Dual-crosslinked and dual-networked hydrogels with high mechanical properties for cost-effective solar water desalination and purification

Abstract

High solar evaporation efficiency combined with enhanced desalination and antifouling performance is key in the application of the solar-driven interfacial water evaporation (SIWE) technology. In this study, we have designed a dual-crosslinked and dual-networked hydrogel (CSH) for interfacial solar vapor generation (ISVG). Through adjusting the proportions of matrix components and balancing the degree of crosslinking between cellulose and epichlorohydrin, it is feasible to obtain the hybrid hydrogel with elastic behaviors.

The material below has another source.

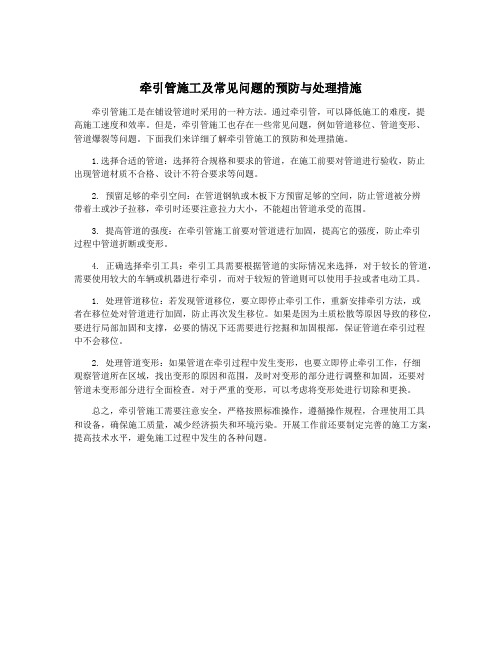 牵引管施工及常见问题的预防与处理措施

The resulted hydrogel has a porous structure enabling the transport of water molecules, while the doped component of iron-based metal–organic frameworks provides this hydrogel with strong light absorbance, achieving an evaporation rate of 2.52 kg·m⁻²·h⁻¹ under 1 kW·m⁻² solar irradiation and an evaporation efficiency of 89.32%. The porosity also creates salt resistance through capillary forces. Practical applications of such CSH hydrogels in the field of seawater desalination and wastewater purification are conducted under outdoor light conditions, and the concentrations of metal ions are revealed to be reduced by orders of magnitude below the WHO threshold ones, while pigments are found to be absent from the condensate contained in the treated wastewater.